Les responsables sri-lankais sont troublés par l’escalade de la faim. Le Dr Keheliya Rambukwella, ministre de la Santé, a déclaré dans une interview que le gouvernement commençait à déployer un « programme de parents d’accueil » pour les enfants sous-alimentés. « Fondamentalement, certains parents ou parrains prendront soin des enfants et veilleront à ce qu’ils ne restent pas mal nourris jusqu’à ce que l’approvisionnement alimentaire s’améliore au cours des trois prochains mois », dit-il. Dans un discours récent, le président Ranil Wickremesinghe a promis une aide en espèces à des dizaines de milliers de familles ayant besoin de nourriture. Des groupes de la société civile interviennent également, distribuant de la nourriture et offrant des semences et une formation aux personnes qui veulent créer des jardins potagers.
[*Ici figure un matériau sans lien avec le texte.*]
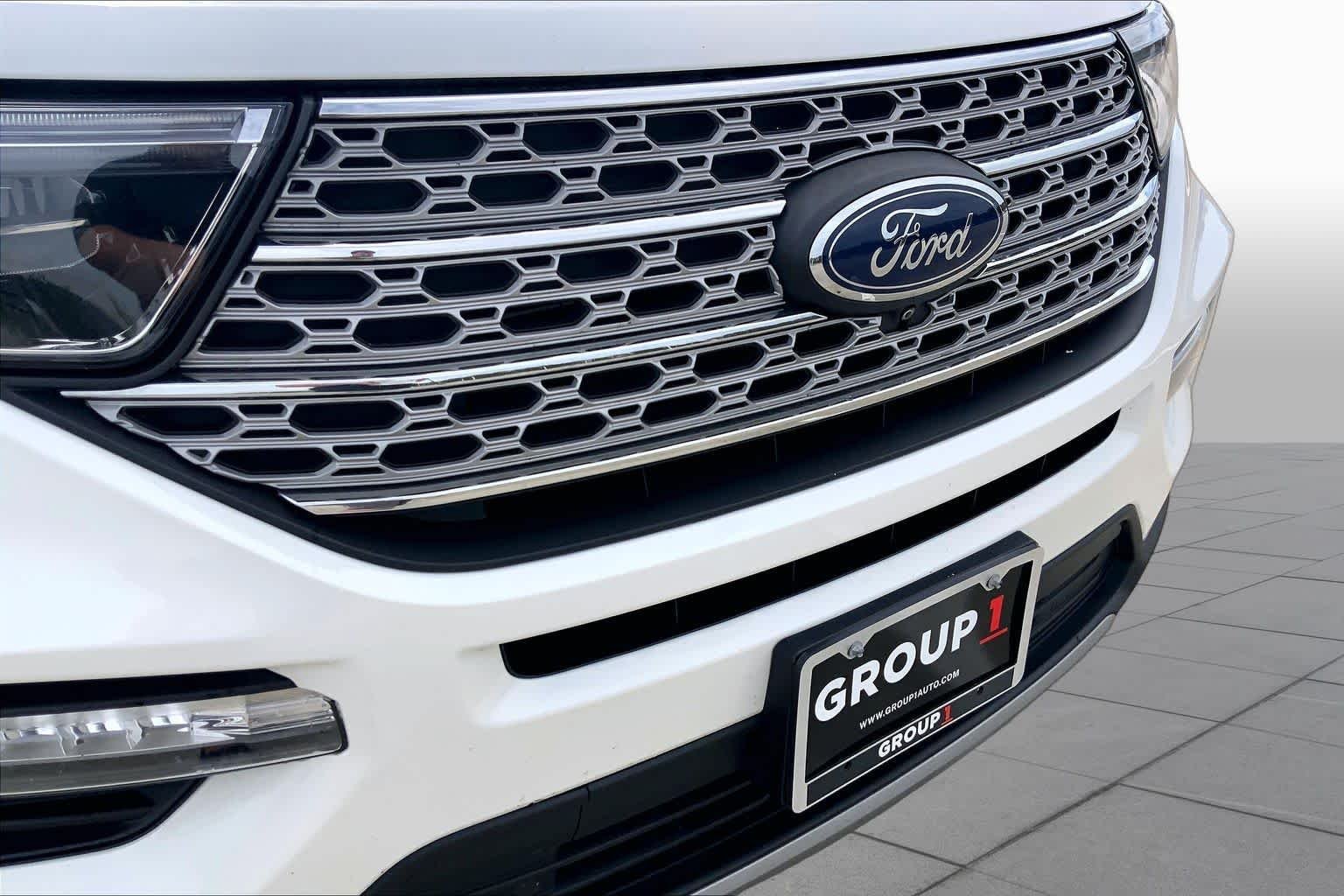 Used 2022 Star White Metallic Tri-Coat Ford Limited image 29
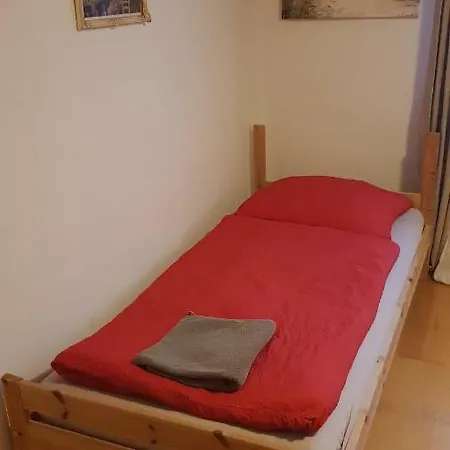 Δωμάτια σε οικογενειακή κατοικία Gnigl Privat *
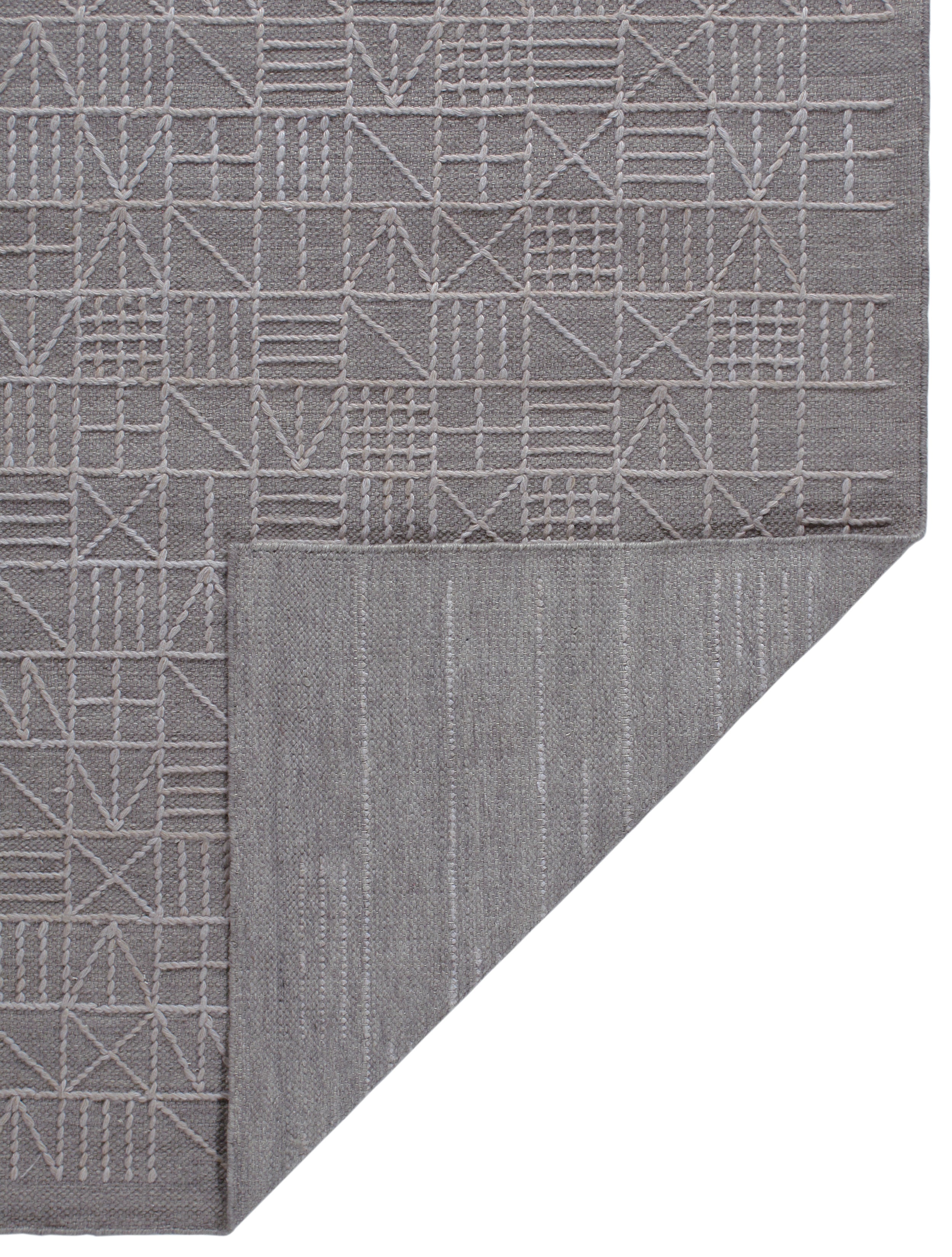 Contemporary Geometric Wool Rug in Graphite Grey with Etched Grid Motif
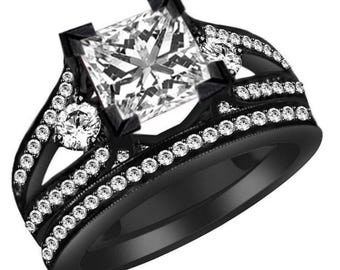 Black Gold Princess Cut Diamond Engagement Ring Set, Gothic Bridal Set for Her, Unique Black Rhodium Wedding Band, Vintage Inspired Ring.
Ailleurs à Sanmugapuram, Jone Thomas Pavitha nourrit sa fille de 1 an avec des tranches de papaye pour le déjeuner. La petite fille rit alors que du jus coule sur son menton. Jone Thomas, 30 ans, reçoit peu d’aide de son mari. Il ne travaille pas, mais il ne veut pas surveiller leur fille, donc Jone Thomas ne peut pas travailler non plus. L’argent est si rare qu’ils peuvent à peine se permettre des niébés et des légumineuses. Bien que leur fille ait un poids normal, elle a récemment subi une intervention chirurgicale pour réparer un trou dans son cœur, et Jone Thomas craint que le fait de ne pas lui donner d’aliments nutritifs puisse nuire à son rétablissement. Il n’y a pas si longtemps, elle a fait quelque chose qu’elle n’aurait jamais pensé faire: elle a apporté sa bague et son collier dans un prêteur sur gages et a utilisé le produit de la vente pour approvisionner sa cuisine.